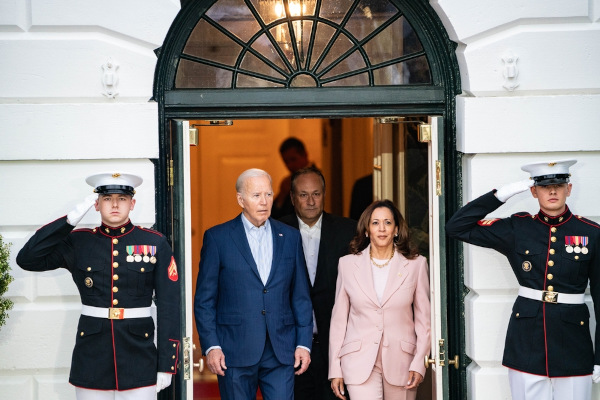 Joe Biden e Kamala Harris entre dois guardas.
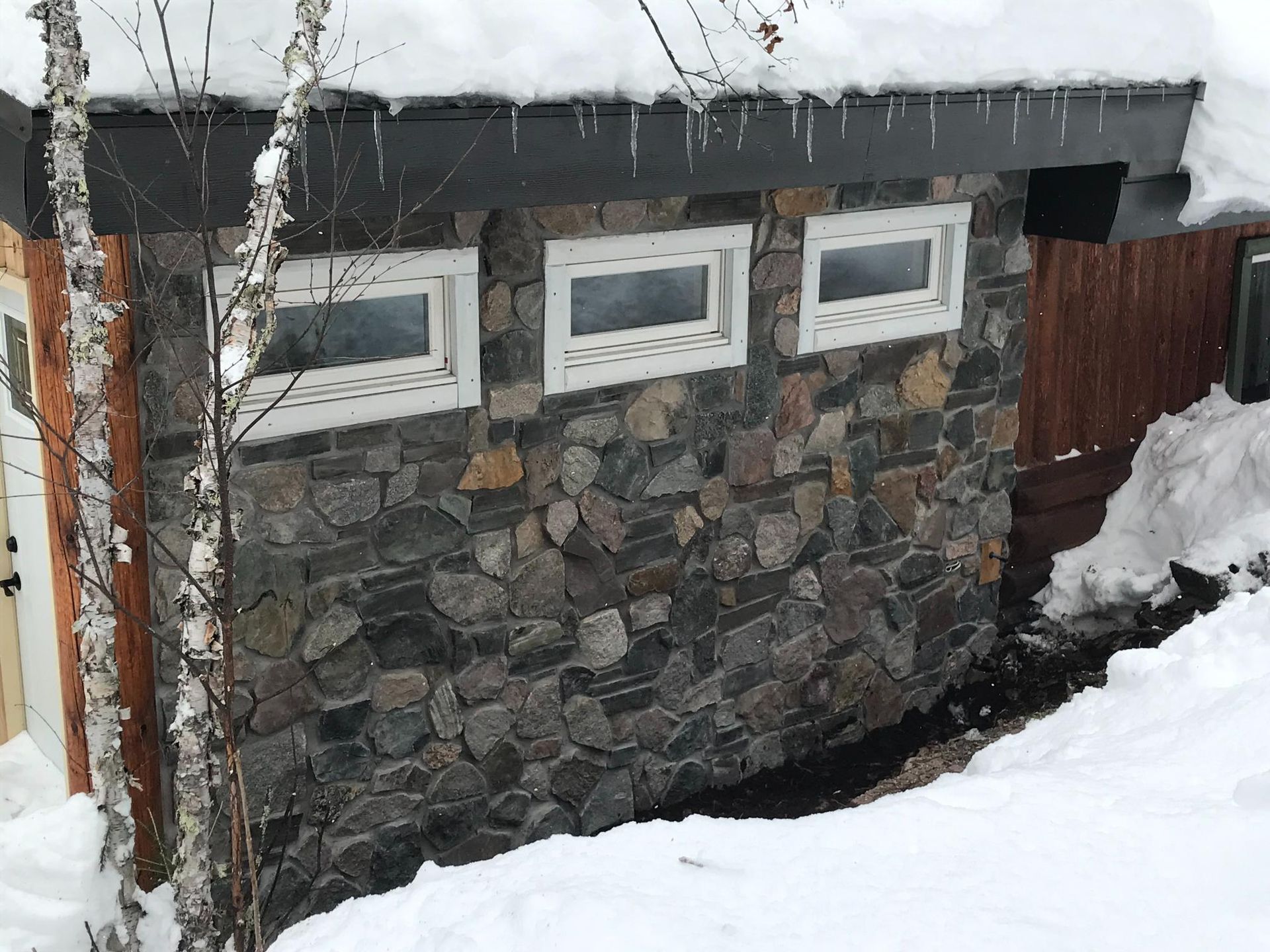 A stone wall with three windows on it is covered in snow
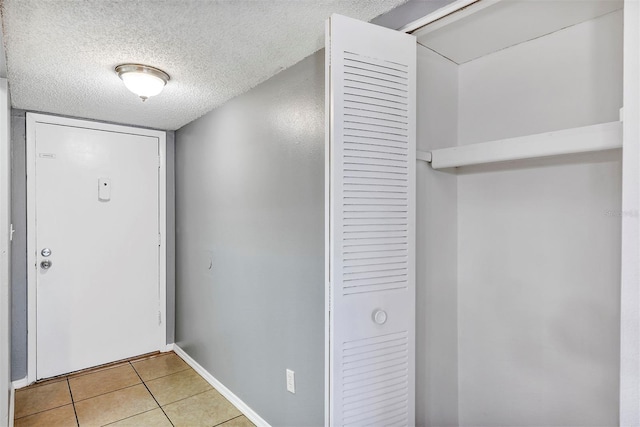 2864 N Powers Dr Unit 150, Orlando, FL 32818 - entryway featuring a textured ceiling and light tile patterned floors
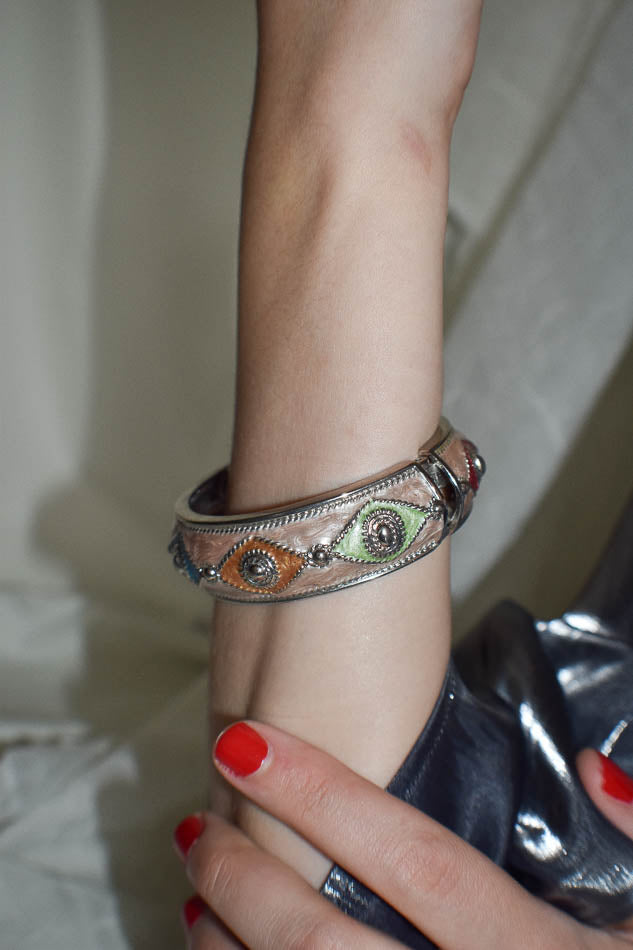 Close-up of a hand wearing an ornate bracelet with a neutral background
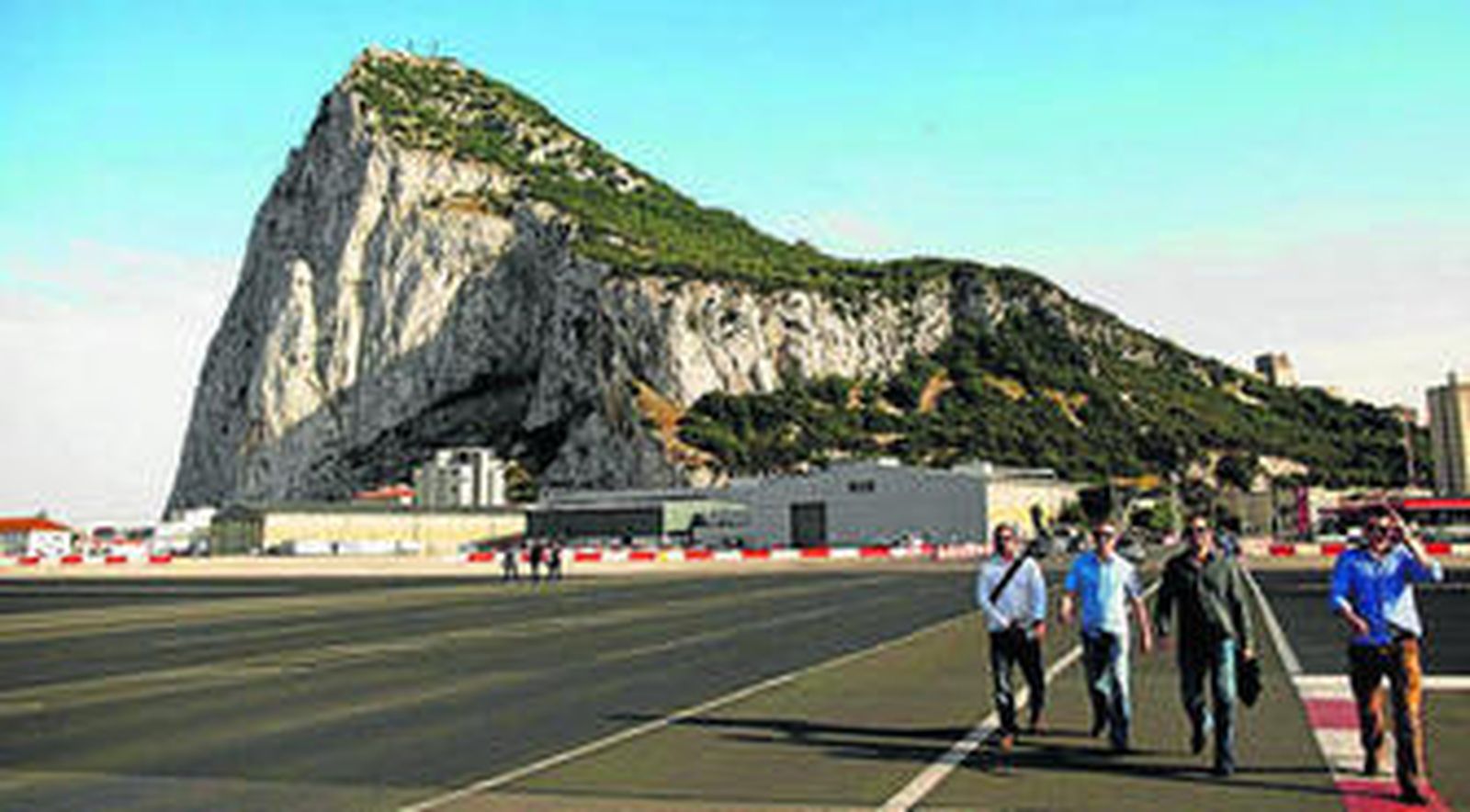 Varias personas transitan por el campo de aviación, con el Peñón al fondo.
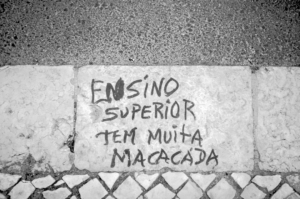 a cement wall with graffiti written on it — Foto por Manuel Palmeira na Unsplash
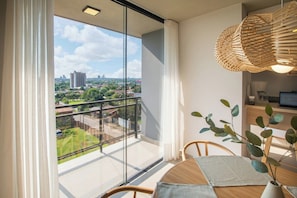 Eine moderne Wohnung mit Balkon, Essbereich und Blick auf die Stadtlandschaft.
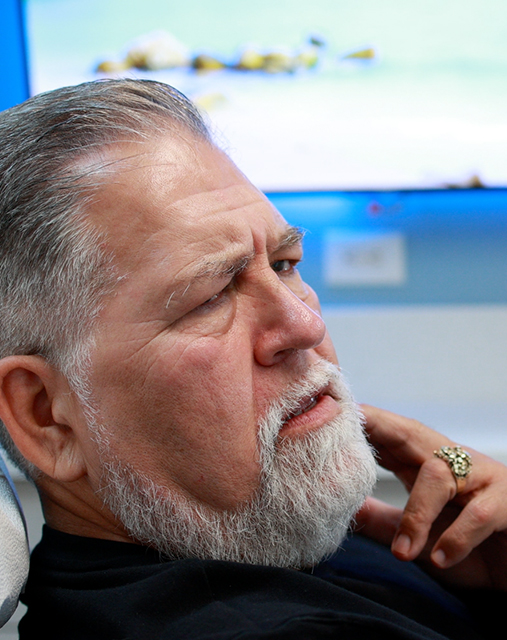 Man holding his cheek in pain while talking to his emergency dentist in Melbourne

...

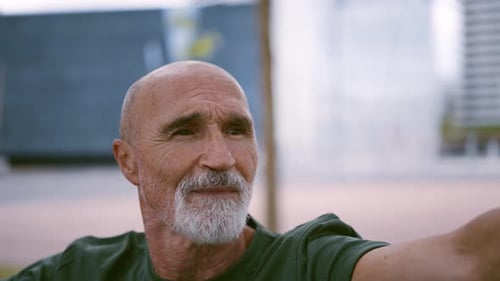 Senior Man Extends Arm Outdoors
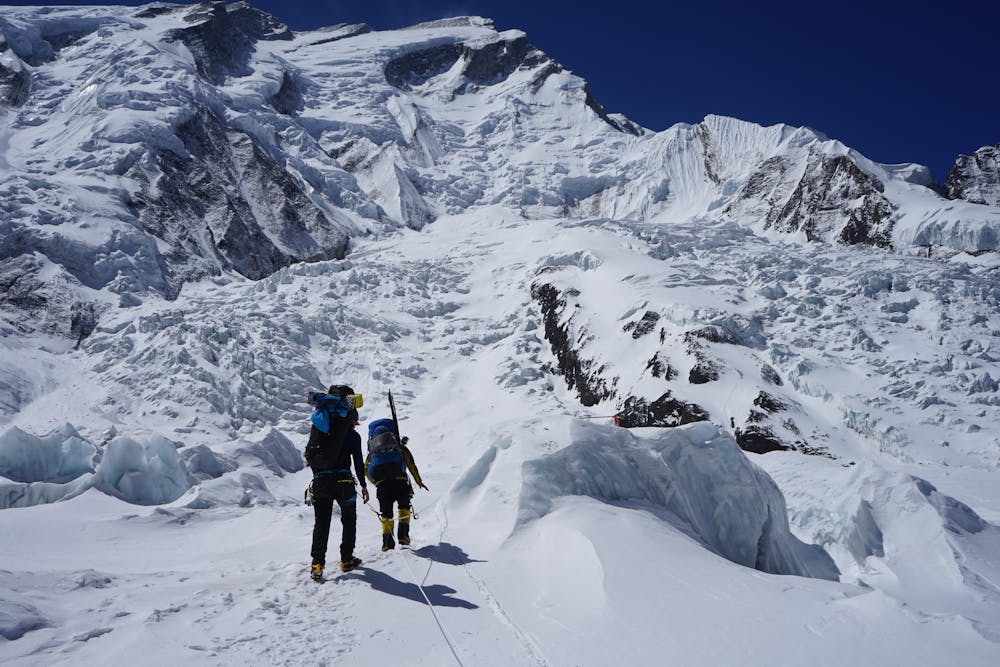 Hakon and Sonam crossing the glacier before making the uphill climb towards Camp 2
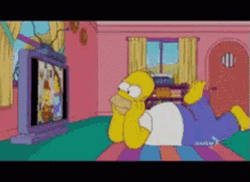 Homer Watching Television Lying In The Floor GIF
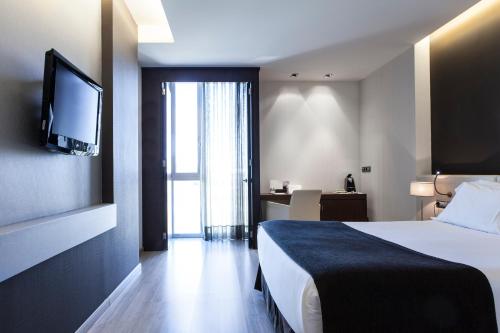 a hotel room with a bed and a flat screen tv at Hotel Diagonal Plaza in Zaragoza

**What this task involves:** Only the lines above starting with the line with "Joe Biden e" and going on through the line with "Eine moderne Wohnung" belong in the answer; repeat them exactly, minus any picture.

**Expected output:**
 Joe Biden e Kamala Harris entre dois guardas.
 A stone wall with three windows on it is covered in snow
 2864 N Powers Dr Unit 150, Orlando, FL 32818 - entryway featuring a textured ceiling and light tile patterned floors
 Close-up of a hand wearing an ornate bracelet with a neutral background
 Varias personas transitan por el campo de aviación, con el Peñón al fondo.
 a cement wall with graffiti written on it — Foto por Manuel Palmeira na Unsplash
 Eine moderne Wohnung mit Balkon, Essbereich und Blick auf die Stadtlandschaft.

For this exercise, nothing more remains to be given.